Join strategy

  • I've been called to take a look at a server that's performing poorly on some queries. First of all, let's clarify one thing: it's an Oracle server, so I have to admit I know nearly nothing about it. There was an Oracle DBA working on the problem and he said that tha main issue is lack of CPU.

    Looking at the execution plan I noticed that the optimizer was going for HASH joins, probably because the number of rows in the two tables were very different (100K VS 90 million). Since CPU seems to be the bottleneck, I suggested him to try to turn the HASH join into a MERGE join, that would be less CPU-intensive, changing the sort order of the index.

    He laughed out loud at me and he said that HASH join is less CPU-intensive than MERGE join. I was unsure, so I set up some tests:

    -- CREATE TEST TABLES

    IF OBJECT_ID('tempdb..#test1') IS NOT NULL DROP TABLE #test1

    CREATE TABLE #Test1 (

    num int

    )

    CREATE CLUSTERED INDEX IX_num ON #Test1(num)

    INSERT INTO #Test1

    SELECT TOP 5000000 ROW_NUMBER() OVER (ORDER BY(SELECT NULL))

    FROM Tally AS A

    CROSS JOIN Tally AS B

    IF OBJECT_ID('tempdb..#test2') IS NOT NULL DROP TABLE #test2

    CREATE TABLE #Test2 (

    num int

    )

    CREATE CLUSTERED INDEX IX_num ON #Test2(num)

    INSERT INTO #Test2

    SELECT TOP 1000000 ROW_NUMBER() OVER (ORDER BY(SELECT NULL))

    FROM Tally AS A

    CROSS JOIN Tally AS B

    SET STATISTICS TIME ON

    SET STATISTICS IO ON

    IF OBJECT_ID('tempdb..#res') IS NOT NULL DROP TABLE #res

    SELECT A.num

    INTO #res

    FROM #Test1 AS A

    INNER HASH JOIN #Test2 AS B

    ON A.num = B.num

    -- SQL Server Execution Times:

    -- CPU time = 21406 ms, elapsed time = 2113 ms.

    SET STATISTICS TIME ON

    SET STATISTICS IO ON

    IF OBJECT_ID('tempdb..#res') IS NOT NULL DROP TABLE #res

    SELECT A.num

    INTO #res

    FROM #Test1 AS A

    INNER MERGE JOIN #Test2 AS B

    ON A.num = B.num

    -- SQL Server Execution Times:

    -- CPU time = 7752 ms, elapsed time = 15467 ms.

    So, which one uses less CPU??

    -- Gianluca Sartori

  • Hey Gianluca,

    The answer is that it depends.

    First, though, let me compare my results to yours.
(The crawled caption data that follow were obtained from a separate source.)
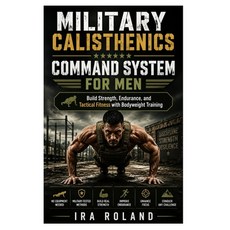 (英文圖書)Military Calisthenics Command System for Men: Build Strength Endurance and Tac... 平裝版, Independently Published, 英文, 平裝本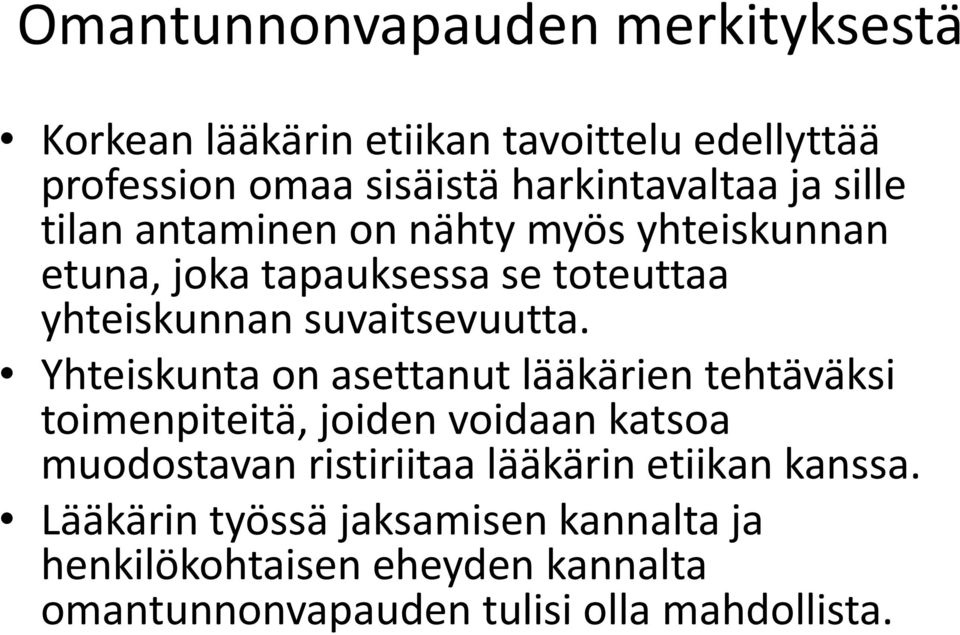 Yhteiskunta on asettanut lääkärien tehtäväksi toimenpiteitä, joiden voidaan katsoa muodostavan ristiriitaa lääkärin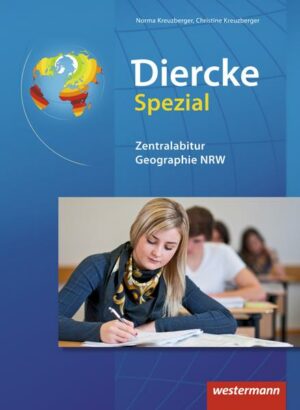 Diercke Spezial. Zentralabitur Erdkunde. Nordrhein-Westfalen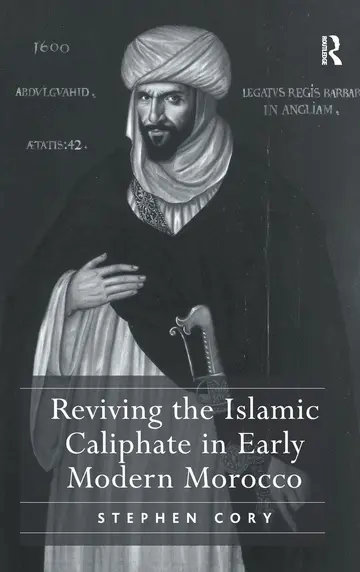 Cover of Reviving the Islamic Caliphate in Early Modern Morocco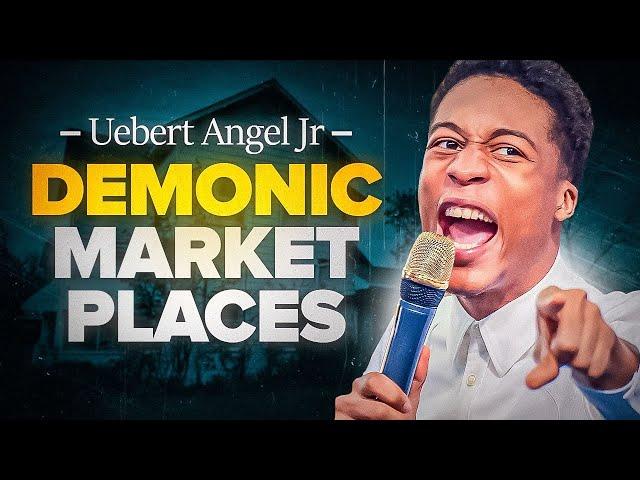 Exposing Demonic Market Places - Uebert Angel Jr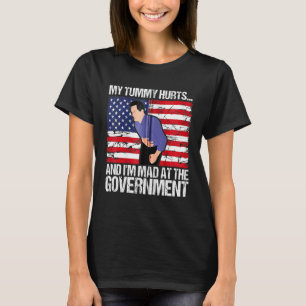 My Tummy Hurts And I'm Mad At The Government 15 T-Shirt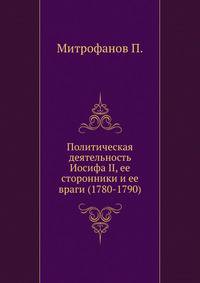 Политическая деятельность Иосифа II, ее сторонники и ее враги (1780-1790).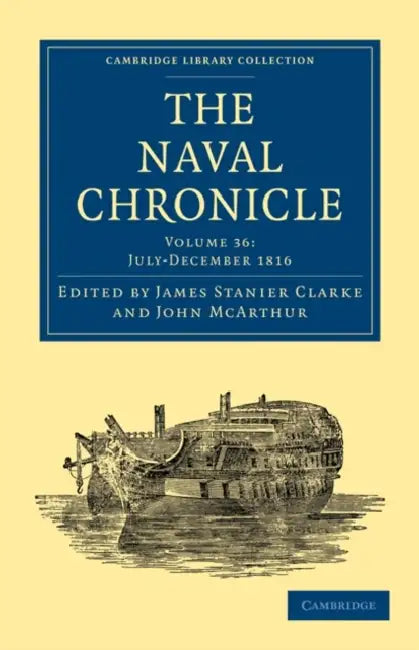 The Naval Chronicle - Volume 36 by Clarke James Stanier, McArthur John, James Stanier Clarke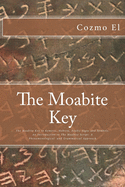 The Moabite Key: Introduction to the Moabite Script: A Phenomenological and Grammatical Approach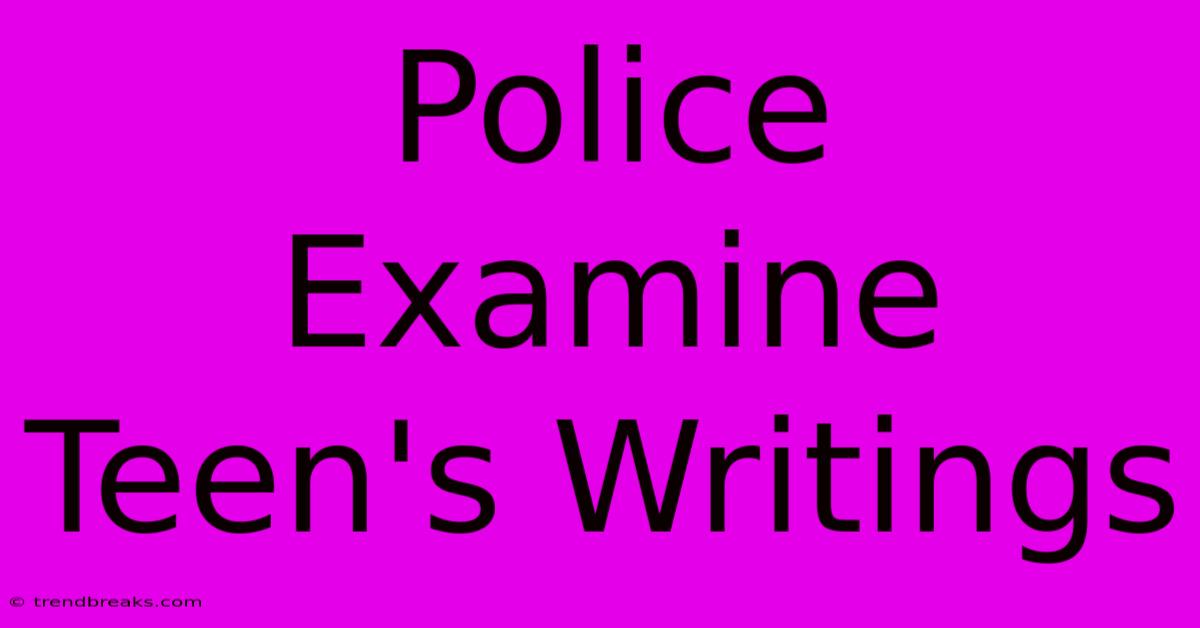 Police Examine Teen's Writings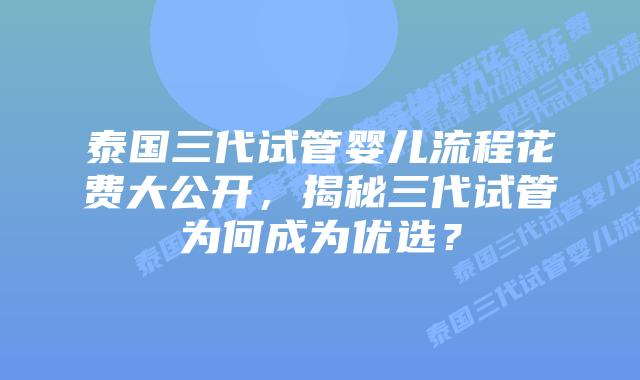 泰国三代试管婴儿流程花费大公开，揭秘三代试管为何成为优选？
    Using HASH, I get 6s CPU and 26s elapsed.

    Using MERGE, I get 1.5s CPU and 1.6s elapsed.

    I am quite surprised that you managed to get such different results for merge - though you should probably disable parallelism with OPTION (MAXDOP 1) to (a) get comparable results; and (b) ensure that the CPU times reported with STATISTICS TIME are accurate.

    I'm not going to go on about the tests too much (clearing caches and so on) because there is no answer to this question. Which one uses more CPU depends on the data - width, distribution, cardinality, indexes, and the number of rows feeding into each input of the join.

    In your test, with simple consecutive integers, and input sets that are not so very different in size, about the only way HASH can ever 'win' is if it triggers parallelism where the MERGE does not - and by 'win' here I mean in terms of elapsed time.

    Not specifying the clustered index as UNIQUE on the outer input to the MERGE does hamper it very slightly (your test produces a many-to-many MERGE, which requires a worktable for potential rewinds) - but in the event there are no duplicates in either input set, so no rewinds are required.

    The HASH is the wrong choice for this data set, because it has the overhead of creating the hash buckets and values from the build input rows, and then computing hash values and probing into the buckets on the probe input. None of this extra work adds any value in this case, because we are dealing with unique integers.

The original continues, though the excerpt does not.